▶
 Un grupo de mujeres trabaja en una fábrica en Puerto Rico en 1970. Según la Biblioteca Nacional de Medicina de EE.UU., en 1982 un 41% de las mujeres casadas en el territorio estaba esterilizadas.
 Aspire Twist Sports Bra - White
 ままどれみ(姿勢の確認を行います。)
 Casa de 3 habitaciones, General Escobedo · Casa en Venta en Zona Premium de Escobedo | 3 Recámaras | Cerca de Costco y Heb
◀
▶
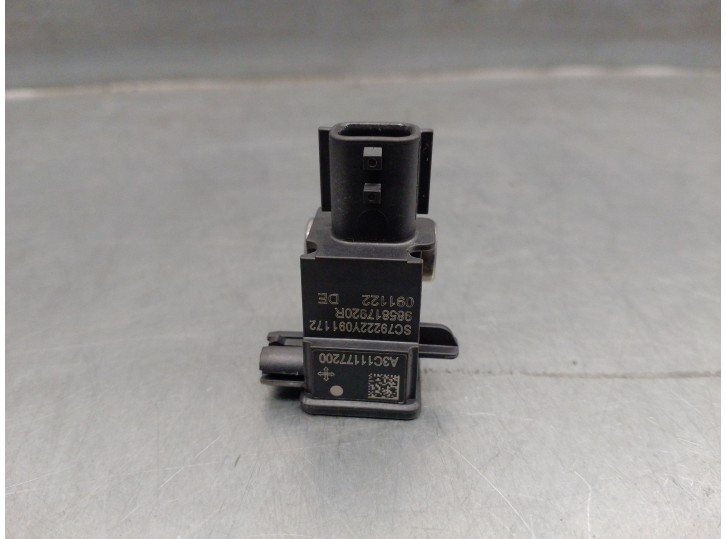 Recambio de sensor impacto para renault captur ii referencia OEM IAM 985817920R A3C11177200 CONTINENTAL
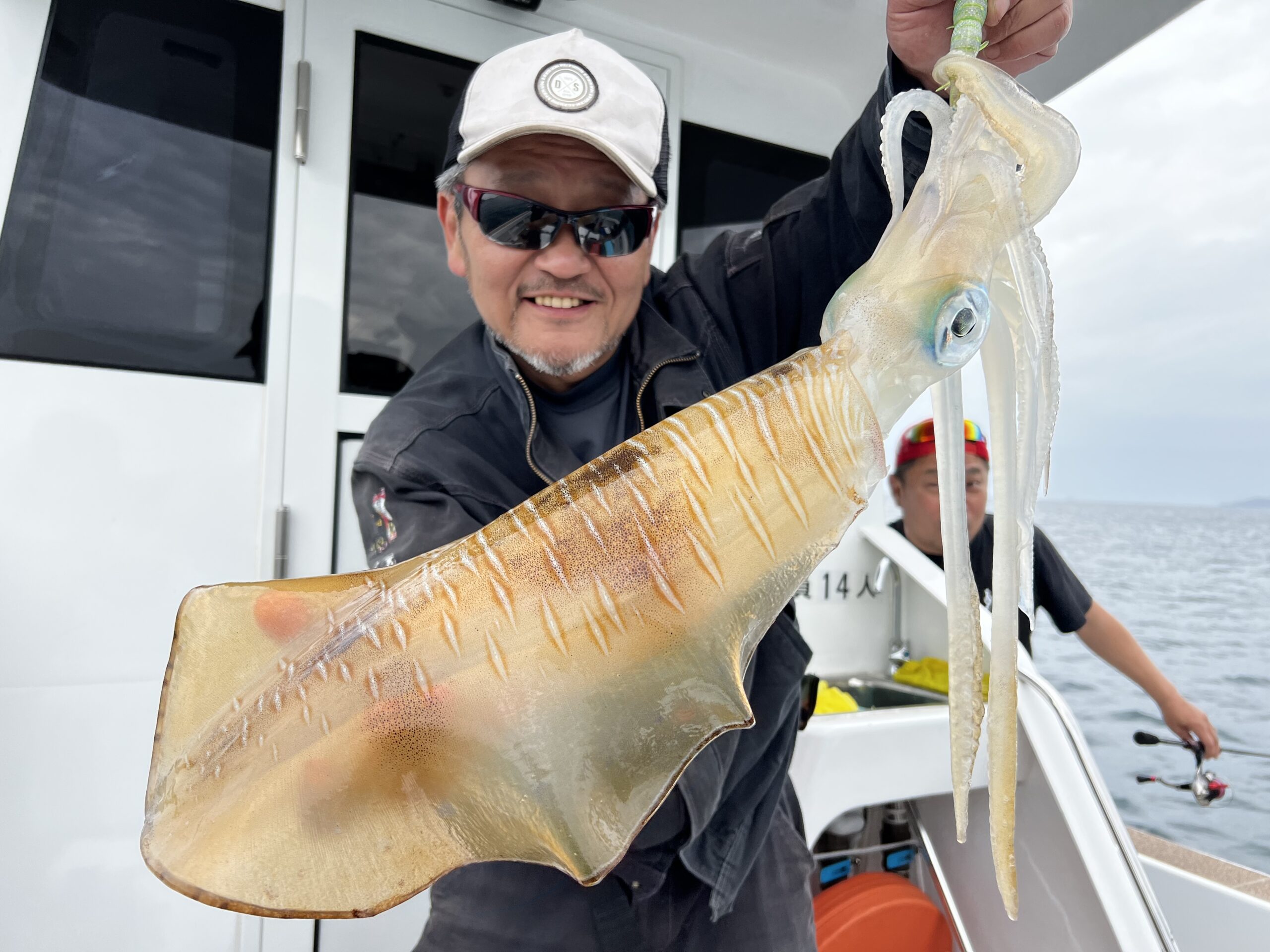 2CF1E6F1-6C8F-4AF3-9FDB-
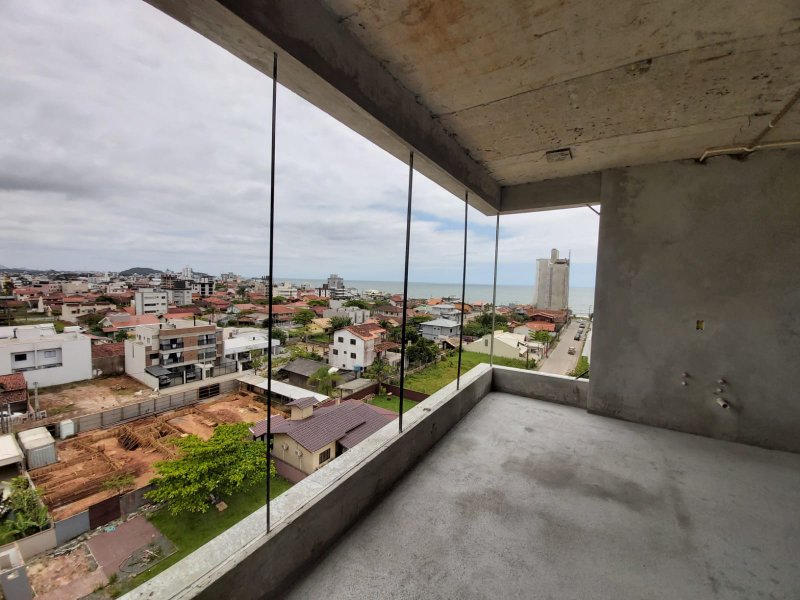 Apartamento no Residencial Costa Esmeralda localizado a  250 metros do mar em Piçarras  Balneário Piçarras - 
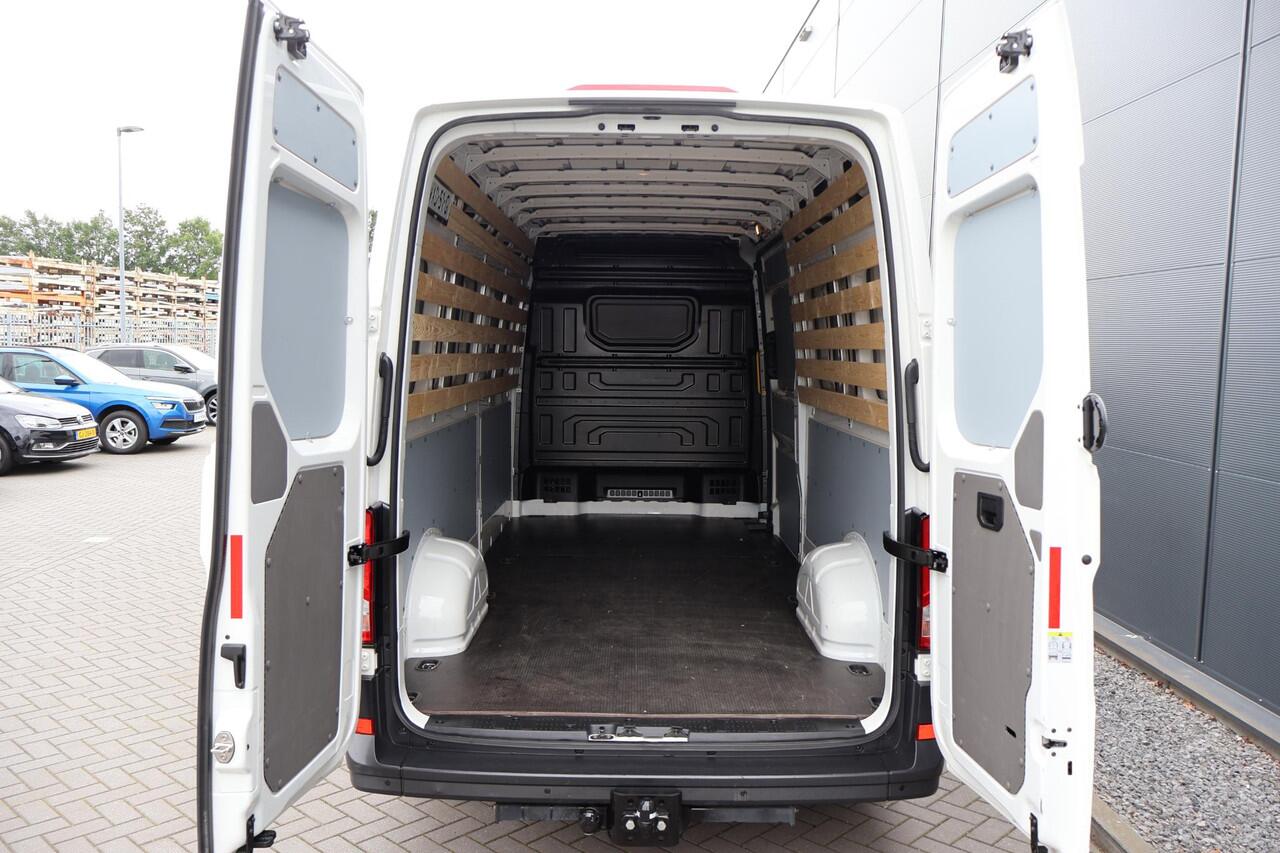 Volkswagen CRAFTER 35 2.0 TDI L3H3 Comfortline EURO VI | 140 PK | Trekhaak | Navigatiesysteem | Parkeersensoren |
◀
YOUR TASK: Of the lines above, extract only those from the line with "ままどれみ(姿勢の確認を行います。)" to the line with "Casa de 3 habitaciones, General", both included, exactly as written.

SOLUTION FOR THIS TASK:
 ままどれみ(姿勢の確認を行います。)
 Casa de 3 habitaciones, General Escobedo · Casa en Venta en Zona Premium de Escobedo | 3 Recámaras | Cerca de Costco y Heb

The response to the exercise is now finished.